Jude turned right off of Hillhock Lane onto Sweetwater. He didn’t usually drive this direction since the biggest attraction there was Creek Hill High School. Actually, the high school held all grade levels, kindergarten through the 12th grade. There wasn’t enough people in the town to account for separate schools for elementary, middle, and high school. There were, maybe, 800 students that filled the seats in the compact classrooms.

The reason he didn’t go there was mostly his lack of spawn spilling off into the seats. He went there, once a year, and had been for almost 10 years now, to see a varsity football game.

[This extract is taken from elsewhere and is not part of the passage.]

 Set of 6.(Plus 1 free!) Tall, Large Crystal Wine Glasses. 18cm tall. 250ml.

Another right on Tater Creek.

Jude was grinding the petal to the floor, between quick jerks and sudden brakes, grinding to get to Isabella. Jerking to get to that smooth skin. Braking around the curves to see those perfect legs. What is it with men and legs? A man would fall off a building, 7-stories up, peeking around the corner to get a glimpse of a set of great legs. And Isabella Morreti-Jones was no different, except that a man might splat from 14 stories.

The brake lights flashed and then held, still moving forward as the black Nissan Maxima slid across the old pavement, sending pieces of gravel in any direction. Why was there a stop sign here? It made no logical since to Jude, as he always rubbed precious rubber from his tires at the barren intersection.

There were a few things that held some townspeople’s attention down the desolate road that led past the high school. It sat on the corner, adjacent to the sputtering Maxima. That car that hadn’t had an oil change in over a year or a full tank of gas in several years needed badly a little attention from the maniac behind the wheel. It needed passionate warmth from a man who was unwilling to cough up more than a crinkled ten-dollar bill to add to its life expectancy. She moaned as the cheapskate pulled her out farther across the pavement, and sighed before giving way to a few more inches of faded black before coming to a complete halt.

“Damnit!” Jude shoved the gear back into park and turned the key.


Not even the faintest sound was uttered from the lifeless machine. She then let go a pillar of smoke from under her belly, releasing thirteen years worth of an unhealthy, unsteady diet. The gods were cursing him. He flailed his arms up to heaven and then slammed a fist down onto the horn.

The orange-tinted trees echoed the fury of the last solitary cry the Maxima had left in her. In his rush to get to those long legs and that smooth skin he knew, before scrambling around the inside of the car and swimming in his pockets, he had left his cell phone at home. The wind blew the first brown leaves of the season onto that thing adjacent to the car.

That Driveway.

Trees arched over it, running parallel in unison until the light no longer peeked through its dark path. The TATER CREEK CABIN. It was usually rented out to vacationers who thought it’d be relaxing to stay in the serenity of the country for a week or two during the summer. Aside from summer tourists it was typically rented to high schoolers for a night of unadulterated debauchery. He knew the history behind the shabby walls and underneath the creaking floors better than anyone else. This place meant everything to him, more than it ever could to a Yankee sightseer and more than the drunken boys that filled the corners, halls, and staircases, ready to get under a skirt before curfew. It meant heartache, happiness, pain, pleasure. It meant history.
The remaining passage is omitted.